Likewise, I think it is not credible that 500 of my zip-code neighbors eagerly posed for a photo (see all the photos here and zoom in on any one of them to easily read the sign they’re holding) with a sign I produced that said:
We the People want affordable housing for all. To get it we aim to remove the rich from power to have real, not fake, democracy with no rich and no poor.
I would challenge you to persuade lots of YOUR neighbors to pose with a sign saying the opposite, i.e., that they wanted to “keep the rich in power, etc,” no matter how friendly and non-threatening you may look. :) You would learn that it is VERY hard to find people who would pose for a photo with such an anti-egalitarian sign.
I have an earlier post here with additional evidence for the fact that most people want an egalitarian revolution.

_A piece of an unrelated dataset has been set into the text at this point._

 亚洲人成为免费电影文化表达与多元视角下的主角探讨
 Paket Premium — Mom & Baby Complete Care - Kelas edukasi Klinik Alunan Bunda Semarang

Anti-establishment, pro-people, activists have been making a HUGE mistake
Anti-establishment, pro-people, activists have been working under a false premise, namely the false idea that most people in the general public (non-activists) do NOT want an egalitarian revolution, and therefore if activists openly and boldly advocate for an egalitarian revolution this will (supposedly) scare the general public away so it’s best NOT to talk about the need for such a radical change. In keeping with this wrong premise, activists wrongly think they must do things to PERSUADE ordinary people that we need a radical change (as if they didn’t already know that!) since they currently (supposedly) want to keep the status quo.
This approach of wrong-headed activism prevents activists from addressing the actual wrong idea that most people believe, namely the false idea that an egalitarian revolution is impossible because hardly anybody else wants it. This false idea is the reason people feel so hopeless about making the radical egalitarian change that people know is required to really solve the problems that come from living under a dictatorship of the rich. When people feel hopeless about a problem, they don’t do anything to solve it, and this makes them APPEAR—contrary to fact!—to be apathetic (meaning not caring about the problem). When activists wrongly conclude that people are apathetic (not caring) then they don’t do what it takes to help people overcome their hopelessness; hopelessness is overcome when people learn that they are NOT alone in wanting an egalitarian revolution. Helping people learn this fact is the CHIEF task of activists today. This is why I made my videos.
One of the most effective lies that the ruling class promotes is the false idea that ordinary people want to KEEP the status quo with some billionaires and some very poor because they (supposedly) expect to be very rich one day and want society to make that possible. If you actually talk to random people about this, however, you will discover that this is a big lie, that very few people expect to be very rich one day and want to keep our society unequal for that reason. It just ain’t so! This big lie is as absurd as if a pro-slavery person in 1860 told the abolitionists that the slaves wanted to keep slavery for some idiotic reason. Can we please stop believing this ruling class lie that is designed to make us be afraid to talk about egalitarian revolution with ordinary people?
What good work, John! If I weren't almost 89 years old I'd be out there on the street to try the new, improved interview procedure.. For now, I'll keep wearing the green button on my cap and asking people whether they agree with what it says.